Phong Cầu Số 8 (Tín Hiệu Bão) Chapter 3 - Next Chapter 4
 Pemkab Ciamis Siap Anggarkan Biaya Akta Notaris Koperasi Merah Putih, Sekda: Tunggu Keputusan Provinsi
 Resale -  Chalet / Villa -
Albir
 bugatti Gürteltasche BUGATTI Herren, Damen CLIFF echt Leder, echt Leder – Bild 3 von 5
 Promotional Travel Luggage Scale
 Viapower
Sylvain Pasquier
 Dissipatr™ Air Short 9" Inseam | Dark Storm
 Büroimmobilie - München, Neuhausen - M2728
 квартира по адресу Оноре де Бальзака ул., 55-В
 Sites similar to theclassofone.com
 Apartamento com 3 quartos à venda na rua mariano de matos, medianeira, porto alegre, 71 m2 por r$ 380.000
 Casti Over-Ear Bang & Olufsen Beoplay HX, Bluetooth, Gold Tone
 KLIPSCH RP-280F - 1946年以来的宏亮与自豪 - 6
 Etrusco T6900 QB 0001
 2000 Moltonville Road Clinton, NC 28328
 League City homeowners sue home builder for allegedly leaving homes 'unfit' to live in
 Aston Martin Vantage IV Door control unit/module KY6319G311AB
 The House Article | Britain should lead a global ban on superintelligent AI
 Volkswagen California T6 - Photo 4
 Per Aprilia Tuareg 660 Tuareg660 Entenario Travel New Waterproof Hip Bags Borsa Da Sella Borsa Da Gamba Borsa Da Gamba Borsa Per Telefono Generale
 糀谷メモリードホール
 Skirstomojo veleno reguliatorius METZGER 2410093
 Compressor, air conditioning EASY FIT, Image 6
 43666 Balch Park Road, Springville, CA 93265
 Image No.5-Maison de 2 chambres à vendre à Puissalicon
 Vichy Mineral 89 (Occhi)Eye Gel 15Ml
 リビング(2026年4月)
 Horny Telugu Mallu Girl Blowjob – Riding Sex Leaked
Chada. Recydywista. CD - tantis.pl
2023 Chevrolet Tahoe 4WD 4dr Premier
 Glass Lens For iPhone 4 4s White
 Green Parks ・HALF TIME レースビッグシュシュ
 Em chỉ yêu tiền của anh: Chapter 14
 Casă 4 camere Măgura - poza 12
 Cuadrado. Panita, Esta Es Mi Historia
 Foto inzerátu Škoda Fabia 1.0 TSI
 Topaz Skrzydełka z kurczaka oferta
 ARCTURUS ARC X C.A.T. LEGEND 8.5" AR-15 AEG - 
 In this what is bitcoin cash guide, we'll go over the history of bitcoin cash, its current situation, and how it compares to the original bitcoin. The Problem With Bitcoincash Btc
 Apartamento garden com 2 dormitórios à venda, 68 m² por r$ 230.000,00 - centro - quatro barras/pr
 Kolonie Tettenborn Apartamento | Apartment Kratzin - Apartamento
*-*-*
→ Directions: Sift through the material above and copy each line that holds "Road".

→ Output:
 2000 Moltonville Road Clinton, NC 28328
 43666 Balch Park Road, Springville, CA 93265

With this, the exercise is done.